It becomes important to remind you how a rule is applied in Tom:
-
a rule whose pattern match is selected (in our case, there is only one rule),
- then, for each solution of the matching problem (there are 6 solutions in
our case), the right part is executed (i.e. the Java code).
Let us suppose that Tom computes the solution 1. first (the order
in which solutions are computed is not fixed and depends on the
implementation). In that case, the test if(`gt(e1,e2)) is evaluated.
Since b() is not greater than b(), the return
swapSort(...) is not performed.
As specified in Section 5.2.2, another solution is
computed. Let us say 2.. In that case, the test becomes true and the
function swapSort is called recursively.
- when there is no more solution (i.e. this means that the list is already
sorted), the control is transfered to the next pattern. Since there is no
more pattern in our example, the return l is executed, which returns the
sorted list.
The following code shows how to build a list and call the function defined
previously.
This results in sorted lists where elements only occur once.
public final static void main(String[] args) {
L l = `f(a(),b(),c(),a(),b(),c(),a());
L res1 = swapSort(l);
L res2 = removeDouble(res1);
System.out.println(" l = " + l);
System.out.println("sorted l = " + res1);
System.out.println("single l = " + res2);
}
2.3 Another example using Gom
On one side Tom offers customized pattern matching facilities to
support the development of Xml and string based applications.

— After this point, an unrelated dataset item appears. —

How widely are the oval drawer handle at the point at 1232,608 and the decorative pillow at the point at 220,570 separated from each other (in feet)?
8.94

On the other side, Tom is a rule based engine which allows to
solve complex pattern matching problems over algebraic data-types.
In order to describe user defined abstract data-types, Tom provides a
signature definition mechanism (%typeterm, %typelist,
%op, etc. c.f. section 2.5).
However, Tom does not provide any support to implement these
abstract data-types.
This is why, in addition to Tom, we have developed the system Gom.
This tool provides a human readable syntax definition formalism (inspired from
SDF) as well as an efficient implementation for the data-type.
The implementation generated by Gom is based on the SharedObject
library (which is the code of the ATerm library), using
maximal sharing in an efficient way.
In the following, we consider a simple abstract data-type which
defines three sorts (Date, Person, and
PersonList), as well as three constructors
(date, person, and concPerson). In this
signature, Int and String are predefined builtin sorts:
%gom {
module person
imports int String
abstract syntax
Date = date(day:int, month:int, year:int)
Person = person(firstname:String, lastname:String, birthdate:Date)
PersonList = concPerson(Person*)
}
The notation concPerson(Person*) means that concPerson
is a variadic associative operator which takes a list of Person
in arguments, and returns a PersonList.
By using the %gom{ ... }
construct, a Tom signature and
an implementation are automatically generated.
In order to connect these generated files, it is only necessary
to import the corresponding packages:
import addressbookgom.person.types.*;
public class AddressBookGom {
%gom { ... }
public final static void main(String[] args) {
...
}
...
}
Once importation and definition are performed, it becomes very easy to use
Tom: the constructors can be immediately used in a backquote or a matching
constructs.
2.3.1 Using the backquote mechanism
In this section, we consider a tiny address-book application: given a
date and a list of persons, the problem consists in finding out the
persons whose birthday corresponds to the date.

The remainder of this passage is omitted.